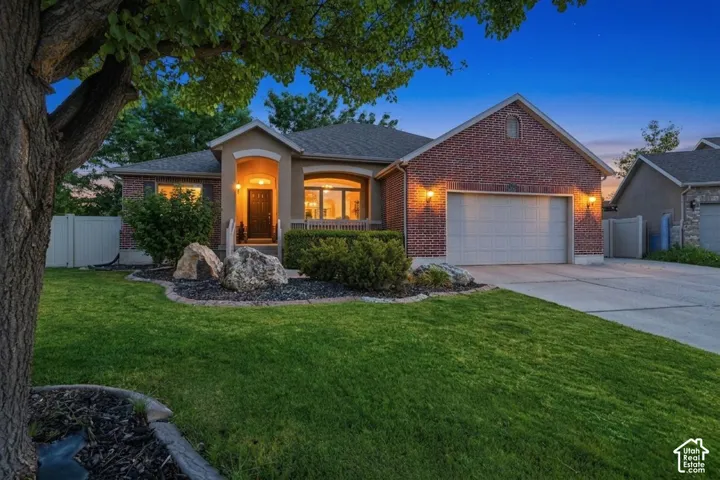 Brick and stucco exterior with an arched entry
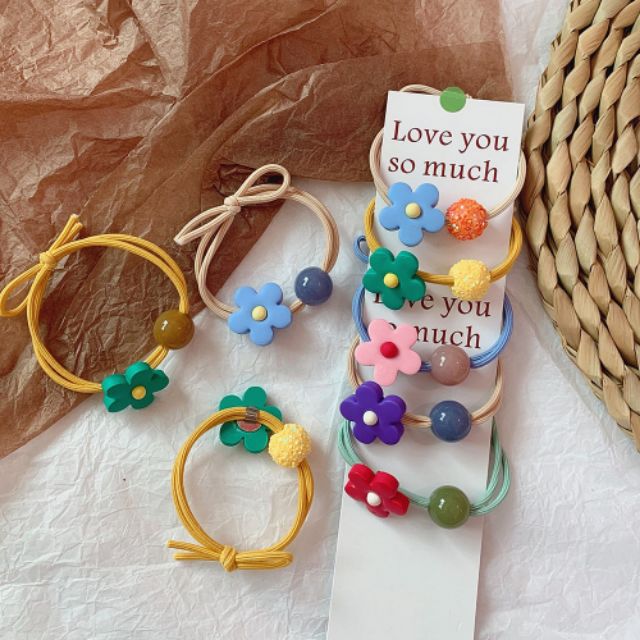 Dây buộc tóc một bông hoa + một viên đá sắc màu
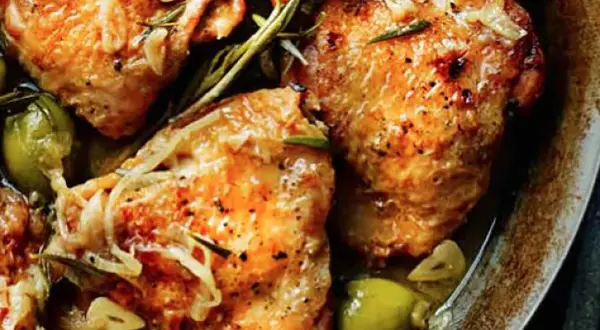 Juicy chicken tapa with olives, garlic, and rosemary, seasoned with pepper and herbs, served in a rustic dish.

-----

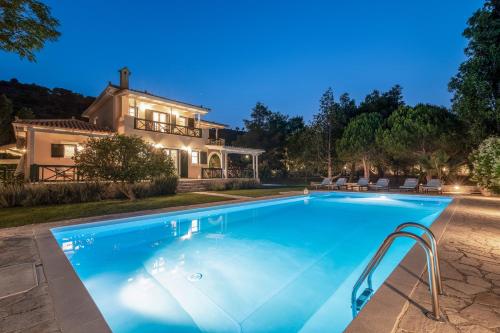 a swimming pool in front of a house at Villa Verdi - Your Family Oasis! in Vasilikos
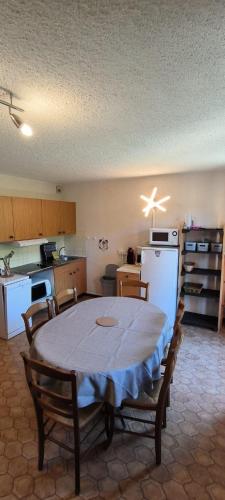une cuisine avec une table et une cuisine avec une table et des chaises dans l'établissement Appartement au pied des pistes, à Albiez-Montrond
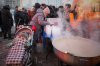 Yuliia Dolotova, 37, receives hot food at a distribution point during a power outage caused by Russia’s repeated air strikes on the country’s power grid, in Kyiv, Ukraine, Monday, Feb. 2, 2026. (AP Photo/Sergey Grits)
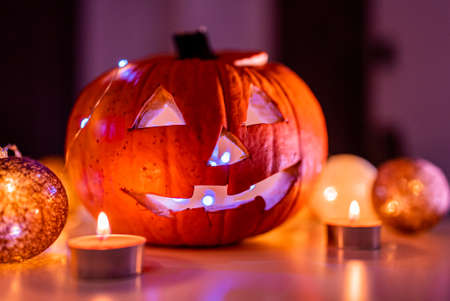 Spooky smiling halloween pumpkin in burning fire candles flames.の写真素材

-----

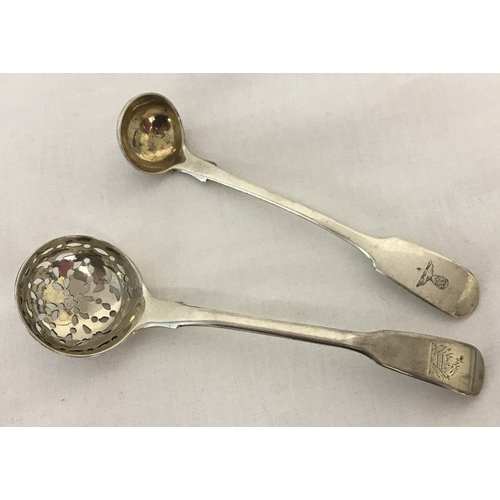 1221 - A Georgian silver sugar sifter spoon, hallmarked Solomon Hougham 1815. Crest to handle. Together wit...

-----

* [What needs to be done]:
In the entries above, find the line containing "une cuisine avec une table et une" and the line containing "Spooky smiling halloween", then copy both and every line between them exactly, without any picture.

* [Answer space]:
une cuisine avec une table et une cuisine avec une table et des chaises dans l'établissement Appartement au pied des pistes, à Albiez-Montrond
 Yuliia Dolotova, 37, receives hot food at a distribution point during a power outage caused by Russia’s repeated air strikes on the country’s power grid, in Kyiv, Ukraine, Monday, Feb. 2, 2026. (AP Photo/Sergey Grits)
 Spooky smiling halloween pumpkin in burning fire candles flames.の写真素材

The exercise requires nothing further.